【無料】『チームの成長による上積みも』【2022 J2第5節 横浜FC戦 レビュー】
横浜FC戦が始まる前、『特命広報大使』に就任した赤嶺真吾さんと椋原健太さんの就任式がファジステージでありました。その後に記者会見で語ってくれた彼らの言葉を引用しながら、1-1で引き分けた第5節を振り返っていきたいと思います。
2022年のファジアーノ
J1昇格のために
補強の次は、チームの成長(寺田弘幸)
2022年のファジアーノ
「2022年のチームへの期待を聞かせてください」 僕が質問を投げかけると、椋原健太さんは現役時代と同じように、理路整然と、少しユーモアも交えながら、質問に応じてくれた。
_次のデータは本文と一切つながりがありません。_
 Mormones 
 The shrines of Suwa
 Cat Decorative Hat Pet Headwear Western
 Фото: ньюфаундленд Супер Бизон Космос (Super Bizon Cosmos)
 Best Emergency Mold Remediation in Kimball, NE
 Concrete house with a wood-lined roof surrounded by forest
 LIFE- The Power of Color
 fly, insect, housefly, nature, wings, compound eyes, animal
「まずクラブの補強に本気度がすごい伝わってくる。サッカーを見ているとまだ荒々しいところがあるんですけど、個人の能力で得点を奪って勝点を積み上げてきている。すごく地力のあるチームだと思いますし、これから夏にかけてサッカーが出来上がっていって連係が深まっていけば素晴らしいチームになっていくと思います。木山監督はすごい大変だろうなと思いながら見ていますけど(笑)」
椋原さんの言うように、このチームはまだまだ荒々しい。でも、その荒々しさがこのチームの強みでもあることを、立ち上がりからファジアーノは示していった。
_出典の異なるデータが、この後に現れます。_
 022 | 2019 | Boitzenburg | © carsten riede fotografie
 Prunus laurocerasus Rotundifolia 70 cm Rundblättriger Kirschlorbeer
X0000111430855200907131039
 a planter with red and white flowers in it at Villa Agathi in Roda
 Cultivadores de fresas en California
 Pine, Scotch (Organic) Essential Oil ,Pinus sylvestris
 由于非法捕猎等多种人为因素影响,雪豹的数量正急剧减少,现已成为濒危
ミッチェル・デュークへのロングフィードを軸にして攻撃を組み立て、セカンドボールを拾ってゴールへ迫っていく。剛健なサッカーだったけども、横浜FCの選手たちはそれを嫌がっていたし、ファジアーノの選手たちの意志は統一されていた。試合序盤からファジアーノは敵陣にどんどんボールを送り込んで横浜FCを押し込んでいった。
デュークは圧巻だったし、チアゴ・アウベスはこの日も精力的に攻守に関わっていく。そして、右ウイングで初先発した木村太哉も躍動した。3トップの強みを押し出して戦うファジアーノは、その勢いのままPKを獲得して先制点の奪取に成功した。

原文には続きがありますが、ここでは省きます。